It is often observed that healthcare dataset is usually imbalanced. The number of records for disease 
diagnosed is less than the number of records where disease is not diagnosed. Therefore, an Ensemble 
approach was used for Hypoglycemia detection analysis using superficial body parameter readings [16], [17]. 


2.3. Implementation 

Ensemble approach implemented was a three step method given in Figure 1. 
Step 1: Using Oversampling method for converting imbalanced dataset to balanced dataset [15]. Dataset 
balancing was done by oversampling technique SMOTE [16] and ADASYN [17]-[20]. SMOTE The original 
imbalanced dataset had total 70943 records. The major imbalance was found in original dataset viz. 
imbalance for hypoglycemia detected field. The original dataset had following imbalance count Total record: 
70943, Hypoglycemia detected count records: 9055, Hypoglycemia not detected count records: 61888. 

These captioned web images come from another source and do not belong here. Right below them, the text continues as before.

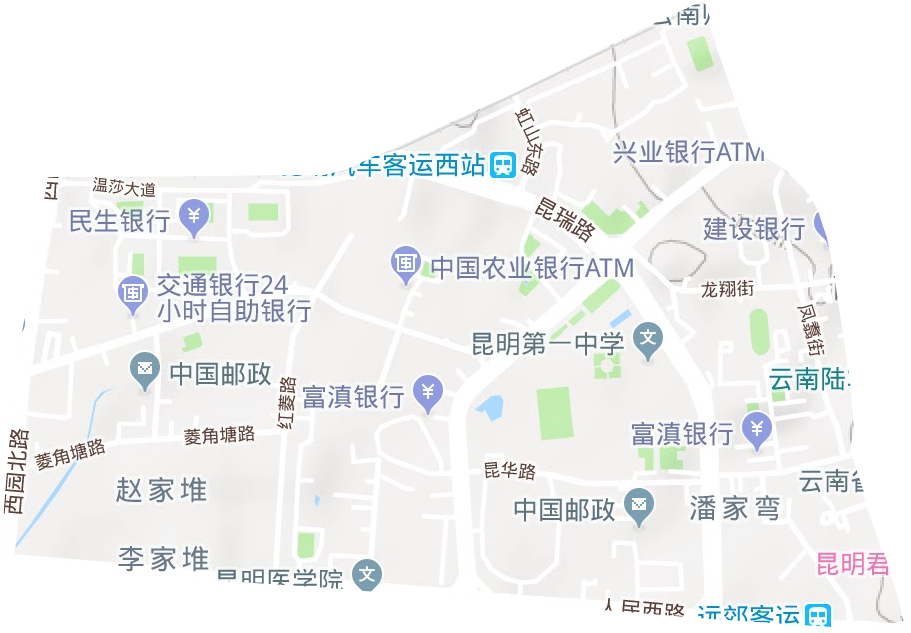 龙翔街道地形地图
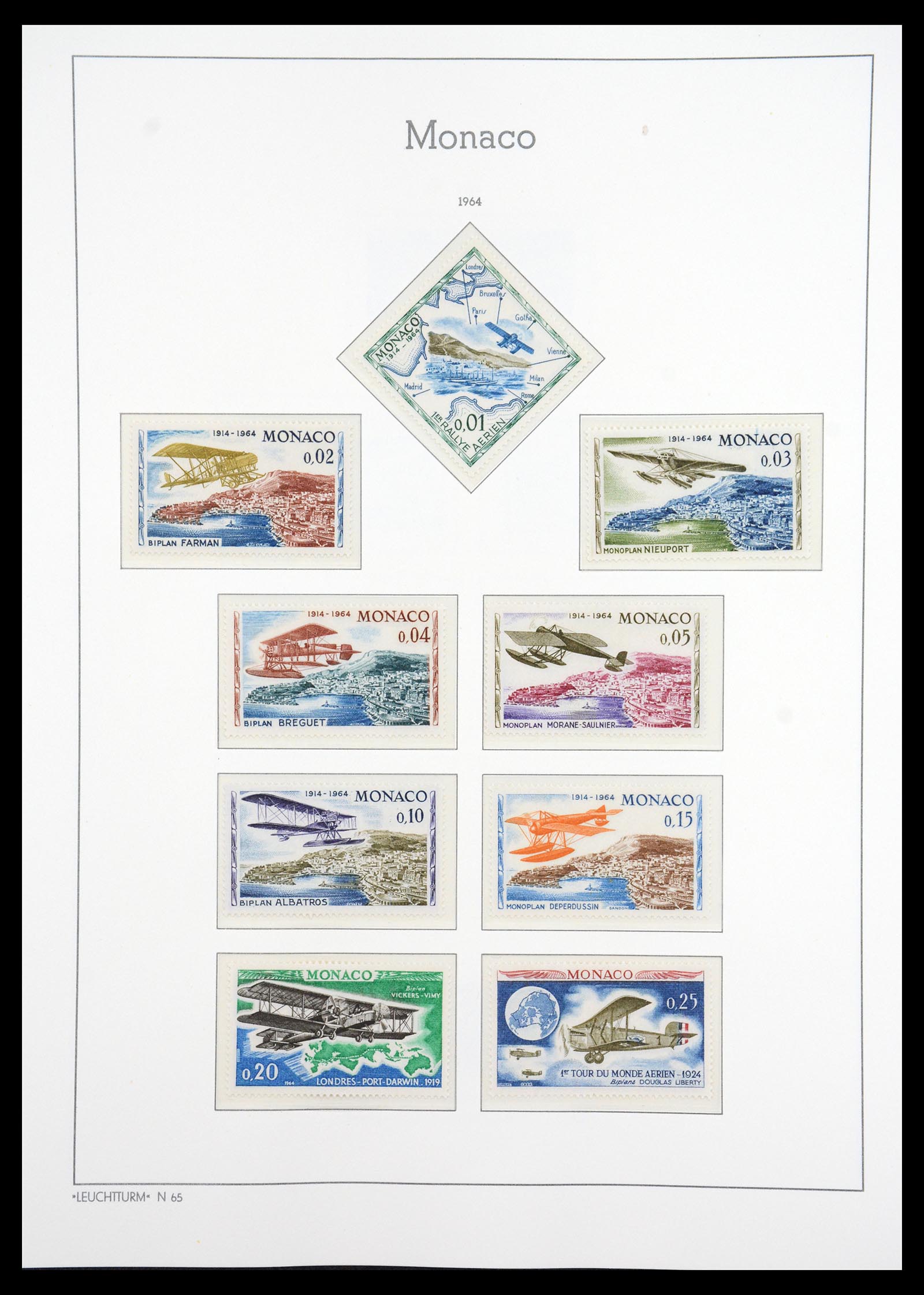 36735 085 - Postzegelverzameling 36735 Monaco 1885-1966.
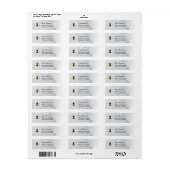 Honey Business Retouradreslabel Etiket (Full Sheet)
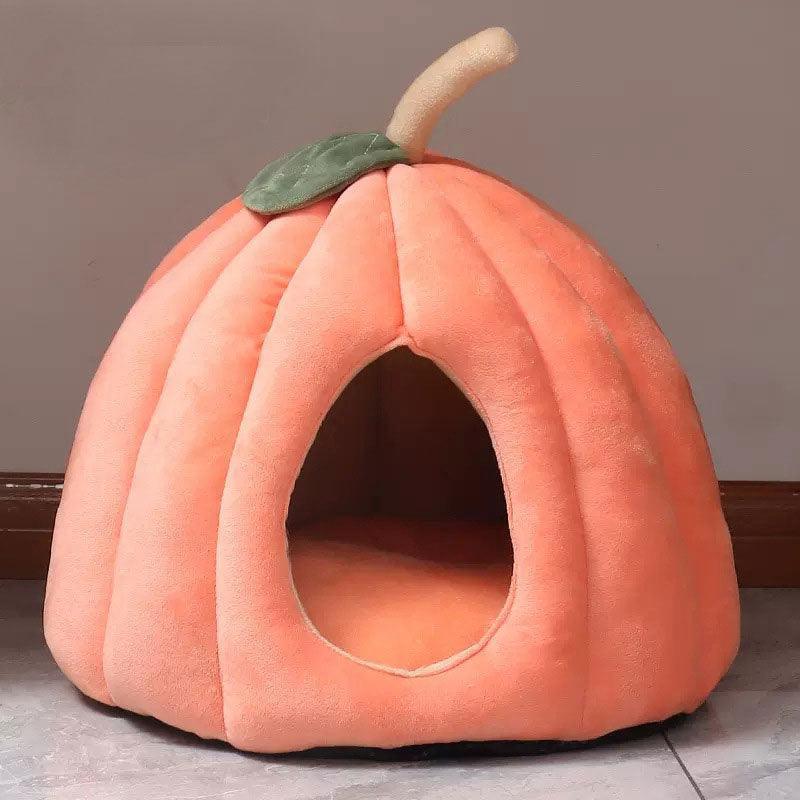 Pumpkin Cat Bed Sleeping House 3 Color Cat Cave - MEWCATS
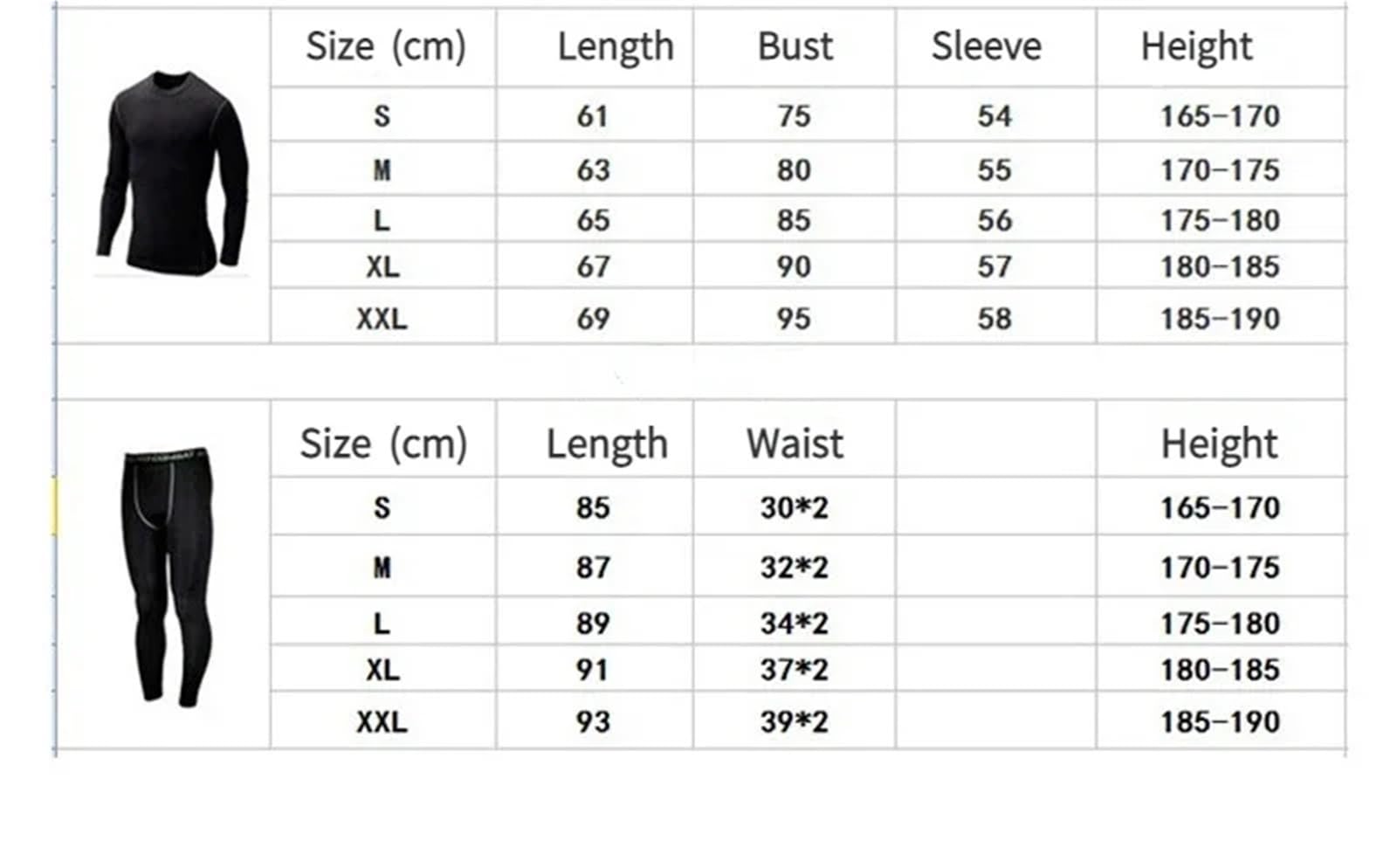 Set Termici Da Uomo Set da corsa da uomo autunno inverno caldo peluche aderente camicia sportiva top pantaloni legging set allenamento maschile fitness palestra abbigliamento sportivo Per Sci，Corsa(Bl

Step 2: Evaluation done by 4 different ways viz. crossfold validation, stratified crossfold validation, train-test 
and repeat train test method [21], [22]. 

Cross Validation: The cross-validation technique for above 5 models using machine learning was done with 
KFold and Stratified KFold method with K value being 10 and 20. The stratified KFold is considered to be 
one of the ways to handle dataset imbalance. 

Train Test: The train test variation is done by maintaining the train: Test ratio to 7:3 and 8:2. The repeat train 
test strategy is adopted to get more accurate results. The repeat train test value was set to 10 and 20 and then 
classifier evaluation was done for 7:3 and 8:2 ratios. 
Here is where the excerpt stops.